Making friendly spaces for Venezuelan children in Trinidad and Tobago  

by Heather Stewart

UNICEF Eastern Caribbean Child Protection Specialist

TRINIDAD, 8 March 2019 - Happy and relaxed children, having fun making carnival masks. This was the scene that greeted me when I recently visited the child friendly space in Arima, Trinidad and Tobago, which is being supported by the Living Water Community and UNICEF. The space, in a church, has been set up to ensure that Venezuelan children seeking sanctuary in that area of Trinidad have somewhere to go which feels secure, and allows them to interact with their peers while developing practical skills such as learning English. Two such spaces are available at present, with another three soon to be opened.  

The atmosphere in Arima was calm but busy as the facilitators, two of whom themselves come from the Venezuelan community, guided the activities of the 18 or so children in two age-appropriate classes.

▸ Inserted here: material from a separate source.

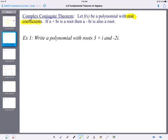We're going to write a polynomial function with roots 3 plus i and negative 2i. I'm only giving you 3 plus i, but the complex conjugate theorem tells us that 3 minus i is also a root. And if negative 2i is a root, then positive 2i is also a root — so plus or minus 2i. We're going to set it up as x equals 3 plus or minus i, and x equals plus or minus 2i, and work backwards from completing the square.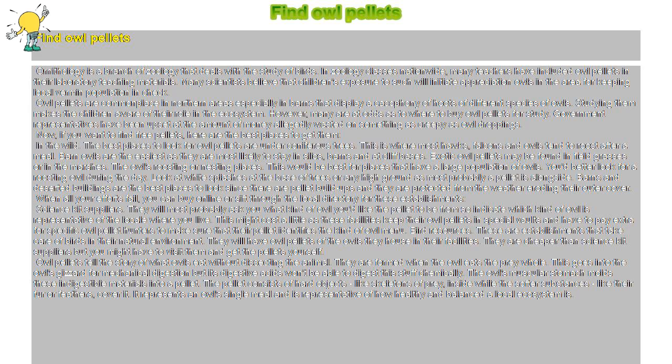This might cost a little as these facilities keep their owl pellets in special vaults and have to pay extra for specific owl pellet hunters to make sure that their pellet identifies the kind of owl menu.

I spoke to one young man, a very confident 13-year-old with great English, who told me that he had come to Trinidad with his family, to flee the chaos in Venezuela. He is a little torn: sometimes he embraces his new home, sometimes he feels sad about what he has left behind.

Facilitators know that things are not easy for these young people and all have been trained in the Return to Happiness programme which offers children the chance to work through any crisis using play, drama, prose and poetry. They also work to help them integrate into the host community.

This seems to have been successful in Arima where Venezuelans appear to have been welcomed and embraced. Some faith-based organizations offer services in both English and Spanish. Such acceptance is not the case everywhere…

What do we need to improve? When talking to parents, the issue of extending the hours of the child friendly spaces was mentioned: they should be open throughout the day rather than just in the morning. And there is the much bigger question of access to formal education which child friendly spaces are not designed to provide. A number of partners are discussing how best to open temporary learning spaces both for those who can remain in their adopted home and for those planning to go back to Venezuela.

Plenty to do then, but for the moment, I feel heartened that we are giving vital support to people who are on the move: with children protected, stimulated - and just being children.